Un enseignant qui utilise Twitter pour échanger des astuces pédagogiques avec ses collègues du monde entier, on vous en a déjà parlé. Mais le réseau social peut aussi être utilisé comme un outil pédagogique à part entière : comme Laurence Juin avant lui, c’est ce dont témoigne à Rue 89 François Lamoureux, professeur des écoles à Gaujacq dans les Landes et blogueur.

« Pourquoi apprendre à écrire correctement, si personne n’ouvre jamais mon cahier ? ». C’est la question que tout élève d’école primaire peut se poser, si l’on en croit le constat de l’enseignant : en n’écrivant pas pour être lus, confrontés ni partagés, les bambins ne sont pas toujours très motivés pour apprendre.

En proposant à ses CE1 et CE2 de rédiger des tweets, François Lamoureux a fait mouche : dès lors qu’ils ont compris que le réseau social leur permettait d’échanger avec d’autres classes et d’être lus par les parents, les élèves ont montré beaucoup d’application, et ont cherché à soigner leur orthographe. 

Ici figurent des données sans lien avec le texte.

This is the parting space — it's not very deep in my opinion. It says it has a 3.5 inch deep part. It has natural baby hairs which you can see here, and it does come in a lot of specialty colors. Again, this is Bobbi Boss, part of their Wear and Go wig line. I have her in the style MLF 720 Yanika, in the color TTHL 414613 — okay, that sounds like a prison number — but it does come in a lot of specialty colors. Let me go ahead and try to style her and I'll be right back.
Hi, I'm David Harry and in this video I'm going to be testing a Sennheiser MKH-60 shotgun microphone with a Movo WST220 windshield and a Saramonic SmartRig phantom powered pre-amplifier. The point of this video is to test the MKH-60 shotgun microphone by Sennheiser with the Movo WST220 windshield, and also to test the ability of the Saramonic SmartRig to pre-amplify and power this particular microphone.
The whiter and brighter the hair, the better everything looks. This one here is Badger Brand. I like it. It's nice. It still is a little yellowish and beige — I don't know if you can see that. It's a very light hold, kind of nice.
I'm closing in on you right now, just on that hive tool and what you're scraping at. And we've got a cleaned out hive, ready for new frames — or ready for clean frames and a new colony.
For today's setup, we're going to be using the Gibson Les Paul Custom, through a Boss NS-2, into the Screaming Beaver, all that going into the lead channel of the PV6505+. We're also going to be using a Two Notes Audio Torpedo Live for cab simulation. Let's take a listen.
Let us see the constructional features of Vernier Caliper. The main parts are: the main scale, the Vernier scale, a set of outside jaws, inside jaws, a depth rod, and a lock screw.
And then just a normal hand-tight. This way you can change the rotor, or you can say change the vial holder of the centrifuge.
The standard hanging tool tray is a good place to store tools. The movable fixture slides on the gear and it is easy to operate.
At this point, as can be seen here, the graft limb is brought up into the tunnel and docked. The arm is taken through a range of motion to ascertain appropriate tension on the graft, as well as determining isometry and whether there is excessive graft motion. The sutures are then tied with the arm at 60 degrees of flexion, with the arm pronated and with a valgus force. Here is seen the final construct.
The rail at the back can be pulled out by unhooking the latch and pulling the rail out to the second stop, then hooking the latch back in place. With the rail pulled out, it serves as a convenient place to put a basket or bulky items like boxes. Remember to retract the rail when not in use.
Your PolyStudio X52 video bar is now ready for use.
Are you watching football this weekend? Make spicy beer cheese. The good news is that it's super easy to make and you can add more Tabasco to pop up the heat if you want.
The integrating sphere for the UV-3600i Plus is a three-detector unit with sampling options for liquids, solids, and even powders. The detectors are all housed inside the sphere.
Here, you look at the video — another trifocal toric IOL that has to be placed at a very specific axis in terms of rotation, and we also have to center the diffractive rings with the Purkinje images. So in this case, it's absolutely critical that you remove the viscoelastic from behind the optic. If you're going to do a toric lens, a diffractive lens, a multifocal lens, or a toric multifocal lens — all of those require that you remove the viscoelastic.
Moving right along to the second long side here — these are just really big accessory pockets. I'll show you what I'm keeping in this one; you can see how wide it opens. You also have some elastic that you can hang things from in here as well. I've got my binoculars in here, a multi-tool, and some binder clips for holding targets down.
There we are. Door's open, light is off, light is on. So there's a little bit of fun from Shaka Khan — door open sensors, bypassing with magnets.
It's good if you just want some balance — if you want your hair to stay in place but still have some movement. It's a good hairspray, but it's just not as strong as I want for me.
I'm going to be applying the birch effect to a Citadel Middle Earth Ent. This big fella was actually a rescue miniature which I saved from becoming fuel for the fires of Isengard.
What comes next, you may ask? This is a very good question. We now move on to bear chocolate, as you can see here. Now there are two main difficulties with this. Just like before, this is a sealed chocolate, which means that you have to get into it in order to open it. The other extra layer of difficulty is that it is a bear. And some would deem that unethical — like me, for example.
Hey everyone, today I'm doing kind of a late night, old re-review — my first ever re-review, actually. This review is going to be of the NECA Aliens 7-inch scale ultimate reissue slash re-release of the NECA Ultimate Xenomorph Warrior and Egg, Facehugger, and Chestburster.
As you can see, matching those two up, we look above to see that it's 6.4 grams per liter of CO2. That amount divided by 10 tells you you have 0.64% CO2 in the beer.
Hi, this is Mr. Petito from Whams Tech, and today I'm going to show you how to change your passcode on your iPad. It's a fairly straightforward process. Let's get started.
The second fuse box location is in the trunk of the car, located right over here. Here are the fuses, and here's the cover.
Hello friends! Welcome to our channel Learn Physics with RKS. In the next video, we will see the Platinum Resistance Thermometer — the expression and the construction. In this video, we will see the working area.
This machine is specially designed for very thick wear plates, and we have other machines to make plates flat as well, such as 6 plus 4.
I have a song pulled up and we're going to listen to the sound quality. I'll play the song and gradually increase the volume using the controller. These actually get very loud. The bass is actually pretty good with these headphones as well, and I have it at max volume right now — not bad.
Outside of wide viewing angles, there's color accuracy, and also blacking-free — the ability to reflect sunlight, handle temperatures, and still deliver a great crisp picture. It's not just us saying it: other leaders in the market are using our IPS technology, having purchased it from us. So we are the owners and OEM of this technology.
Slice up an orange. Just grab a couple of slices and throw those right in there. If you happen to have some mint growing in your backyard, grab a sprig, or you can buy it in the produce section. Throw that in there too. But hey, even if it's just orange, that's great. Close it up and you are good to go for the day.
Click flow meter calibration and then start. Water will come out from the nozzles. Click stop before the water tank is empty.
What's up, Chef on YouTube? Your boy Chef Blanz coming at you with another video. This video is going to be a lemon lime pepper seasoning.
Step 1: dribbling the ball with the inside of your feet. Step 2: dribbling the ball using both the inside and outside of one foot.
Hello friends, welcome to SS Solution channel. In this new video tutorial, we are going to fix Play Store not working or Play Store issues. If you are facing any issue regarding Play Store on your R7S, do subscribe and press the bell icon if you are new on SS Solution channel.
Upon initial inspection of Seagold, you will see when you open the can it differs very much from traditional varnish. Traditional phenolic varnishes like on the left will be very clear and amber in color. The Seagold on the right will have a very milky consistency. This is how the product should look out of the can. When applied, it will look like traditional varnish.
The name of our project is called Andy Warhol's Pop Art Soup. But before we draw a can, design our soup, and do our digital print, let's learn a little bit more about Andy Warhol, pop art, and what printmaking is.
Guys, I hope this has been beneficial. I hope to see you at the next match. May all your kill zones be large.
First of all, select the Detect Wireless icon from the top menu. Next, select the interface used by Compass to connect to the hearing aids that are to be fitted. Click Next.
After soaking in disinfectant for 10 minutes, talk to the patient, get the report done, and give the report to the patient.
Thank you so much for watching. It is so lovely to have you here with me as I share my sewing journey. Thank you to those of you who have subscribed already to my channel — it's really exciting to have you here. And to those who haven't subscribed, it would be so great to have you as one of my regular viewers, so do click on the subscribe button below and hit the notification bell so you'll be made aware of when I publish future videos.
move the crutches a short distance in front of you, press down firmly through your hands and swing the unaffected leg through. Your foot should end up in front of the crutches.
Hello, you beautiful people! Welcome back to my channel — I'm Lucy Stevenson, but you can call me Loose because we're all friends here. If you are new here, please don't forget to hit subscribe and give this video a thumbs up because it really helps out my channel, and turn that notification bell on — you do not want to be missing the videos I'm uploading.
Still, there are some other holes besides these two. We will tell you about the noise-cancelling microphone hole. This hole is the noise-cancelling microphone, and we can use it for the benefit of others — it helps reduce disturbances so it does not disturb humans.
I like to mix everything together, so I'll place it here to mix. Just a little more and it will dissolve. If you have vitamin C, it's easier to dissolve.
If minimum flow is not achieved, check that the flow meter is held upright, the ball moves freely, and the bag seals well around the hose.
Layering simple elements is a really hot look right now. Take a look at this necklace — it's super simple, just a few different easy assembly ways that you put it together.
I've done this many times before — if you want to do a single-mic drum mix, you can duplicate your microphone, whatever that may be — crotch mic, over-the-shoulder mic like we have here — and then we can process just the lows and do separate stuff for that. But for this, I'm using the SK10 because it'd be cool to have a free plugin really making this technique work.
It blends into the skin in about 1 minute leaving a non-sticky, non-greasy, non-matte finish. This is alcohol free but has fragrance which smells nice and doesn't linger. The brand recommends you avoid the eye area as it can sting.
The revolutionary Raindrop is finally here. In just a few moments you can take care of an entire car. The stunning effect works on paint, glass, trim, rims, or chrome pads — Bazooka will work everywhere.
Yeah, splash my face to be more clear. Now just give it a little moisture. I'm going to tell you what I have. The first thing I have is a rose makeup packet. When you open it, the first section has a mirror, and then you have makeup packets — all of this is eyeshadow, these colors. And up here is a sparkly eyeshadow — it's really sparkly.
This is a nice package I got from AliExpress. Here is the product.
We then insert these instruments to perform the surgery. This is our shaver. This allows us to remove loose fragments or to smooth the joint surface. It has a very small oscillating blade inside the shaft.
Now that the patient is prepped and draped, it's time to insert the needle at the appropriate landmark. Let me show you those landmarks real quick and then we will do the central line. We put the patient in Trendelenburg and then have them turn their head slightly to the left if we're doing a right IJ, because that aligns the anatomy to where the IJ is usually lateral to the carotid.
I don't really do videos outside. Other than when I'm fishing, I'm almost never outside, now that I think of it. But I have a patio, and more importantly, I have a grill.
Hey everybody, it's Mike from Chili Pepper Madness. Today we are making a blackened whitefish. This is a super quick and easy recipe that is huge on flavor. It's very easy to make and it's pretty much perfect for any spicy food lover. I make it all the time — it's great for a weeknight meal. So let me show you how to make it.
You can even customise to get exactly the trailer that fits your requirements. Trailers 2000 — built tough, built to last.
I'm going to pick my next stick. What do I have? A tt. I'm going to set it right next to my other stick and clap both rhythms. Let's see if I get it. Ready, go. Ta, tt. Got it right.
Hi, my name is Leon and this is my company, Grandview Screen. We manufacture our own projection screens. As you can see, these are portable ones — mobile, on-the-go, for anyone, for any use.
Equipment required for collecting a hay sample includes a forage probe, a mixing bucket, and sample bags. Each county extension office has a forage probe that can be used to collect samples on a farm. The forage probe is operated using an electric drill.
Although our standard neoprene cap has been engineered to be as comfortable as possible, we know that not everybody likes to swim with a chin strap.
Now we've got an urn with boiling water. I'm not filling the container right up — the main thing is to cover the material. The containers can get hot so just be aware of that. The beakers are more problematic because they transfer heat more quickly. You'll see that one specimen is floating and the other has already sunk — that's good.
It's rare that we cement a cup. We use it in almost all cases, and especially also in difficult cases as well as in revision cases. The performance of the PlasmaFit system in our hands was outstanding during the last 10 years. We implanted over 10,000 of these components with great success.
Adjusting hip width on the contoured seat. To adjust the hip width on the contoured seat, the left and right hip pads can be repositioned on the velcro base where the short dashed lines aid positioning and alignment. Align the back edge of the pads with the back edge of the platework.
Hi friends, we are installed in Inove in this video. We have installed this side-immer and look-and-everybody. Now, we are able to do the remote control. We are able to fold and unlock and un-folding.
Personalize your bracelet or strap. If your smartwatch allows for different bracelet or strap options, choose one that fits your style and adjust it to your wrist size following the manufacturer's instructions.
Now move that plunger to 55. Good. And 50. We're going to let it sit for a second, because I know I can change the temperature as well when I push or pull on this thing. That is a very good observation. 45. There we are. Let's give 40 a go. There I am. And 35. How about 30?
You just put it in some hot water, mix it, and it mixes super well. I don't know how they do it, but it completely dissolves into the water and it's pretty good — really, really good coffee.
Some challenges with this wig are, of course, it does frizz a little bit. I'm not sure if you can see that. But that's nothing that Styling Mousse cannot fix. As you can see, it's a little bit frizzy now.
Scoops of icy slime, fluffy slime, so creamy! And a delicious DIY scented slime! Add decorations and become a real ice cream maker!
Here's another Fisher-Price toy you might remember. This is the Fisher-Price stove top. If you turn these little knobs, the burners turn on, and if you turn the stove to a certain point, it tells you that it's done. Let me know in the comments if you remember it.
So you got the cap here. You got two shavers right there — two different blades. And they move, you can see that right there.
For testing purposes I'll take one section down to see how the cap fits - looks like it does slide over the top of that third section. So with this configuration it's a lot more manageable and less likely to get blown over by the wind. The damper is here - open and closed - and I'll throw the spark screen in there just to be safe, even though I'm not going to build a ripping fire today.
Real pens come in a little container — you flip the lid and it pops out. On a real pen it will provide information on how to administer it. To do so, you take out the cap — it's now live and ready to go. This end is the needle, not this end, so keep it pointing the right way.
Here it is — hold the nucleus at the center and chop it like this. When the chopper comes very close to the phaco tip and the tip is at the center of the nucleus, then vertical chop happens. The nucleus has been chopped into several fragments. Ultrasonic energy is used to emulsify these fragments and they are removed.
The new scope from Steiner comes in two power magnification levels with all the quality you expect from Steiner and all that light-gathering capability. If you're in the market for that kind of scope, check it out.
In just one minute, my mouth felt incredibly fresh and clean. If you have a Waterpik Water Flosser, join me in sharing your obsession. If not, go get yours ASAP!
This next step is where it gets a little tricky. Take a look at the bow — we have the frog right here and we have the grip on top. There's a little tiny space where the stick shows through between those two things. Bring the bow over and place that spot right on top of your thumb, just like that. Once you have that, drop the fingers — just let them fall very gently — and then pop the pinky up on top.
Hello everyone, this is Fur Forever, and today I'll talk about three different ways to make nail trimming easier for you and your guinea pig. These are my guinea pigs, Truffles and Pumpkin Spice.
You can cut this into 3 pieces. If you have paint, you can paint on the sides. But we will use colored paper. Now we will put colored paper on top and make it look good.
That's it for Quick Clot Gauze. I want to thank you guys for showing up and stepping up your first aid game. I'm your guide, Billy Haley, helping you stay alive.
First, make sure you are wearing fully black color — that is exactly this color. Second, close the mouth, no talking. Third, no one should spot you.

Pour écrire en moins de 140 caractères, les élèves utilisent une grille de brouillon précise l’enseignant. Pour utiliser le réseaux sociaux selon ses règles, ils ont même réalisé une charte. L’enseignant, qui corrige et valide chaque mini-message, n’a rien laissé au hasard. Pour rassurer les parents, il leur a expliqué il ne s’agissait que d’une pratique classique – cahier de vie ou cahier de texte – adaptée aux techniques modernes de communication.

Le réseau social est aussi l’occasion d’aborder dès le CP la gestion de l’identité numérique et de la citoyenneté sur Internet. Plus qu’un support d’apprentissage de la langue, la classe a aussi découvert une fenêtre sur le monde : 

« Grâce à Twitter, nous pouvons communiquer hors de la sphère de l’école, nous interroger. Nous faisons régulièrement des recherches encyclopédiques lorsque d’autres classes posent des questions. Nous regardons sur une carte d’où ils nous écrivent. Nous partageons la vie de notre classe ».

Et dialogue aussi avec d’autres classes. 

Peu à peu, l’activité est devenue un jeu : « est-ce qu’on a des nouveaux messages ? » lui demandent chaque jour les enfants. Et les « hashtags » ou « mots-dièse » sont utilisés pour raconter des histoires : avec #PetitBonheur, #Twithaiku ou #danslefutur, les élèves travaillent leur imagination chaque jour. François Lamoureux raconte :

« Après lecture des tweets des autres classes, les élèves se sont immédiatement approprié l’idée. L’envie de raconter quelque chose qui leur tient à cœur les pousse à écrire. Il se dégage des tweets des classes qui ont participé à ces productions, un sentiment de bien-être, de la fraîcheur et de la poésie ».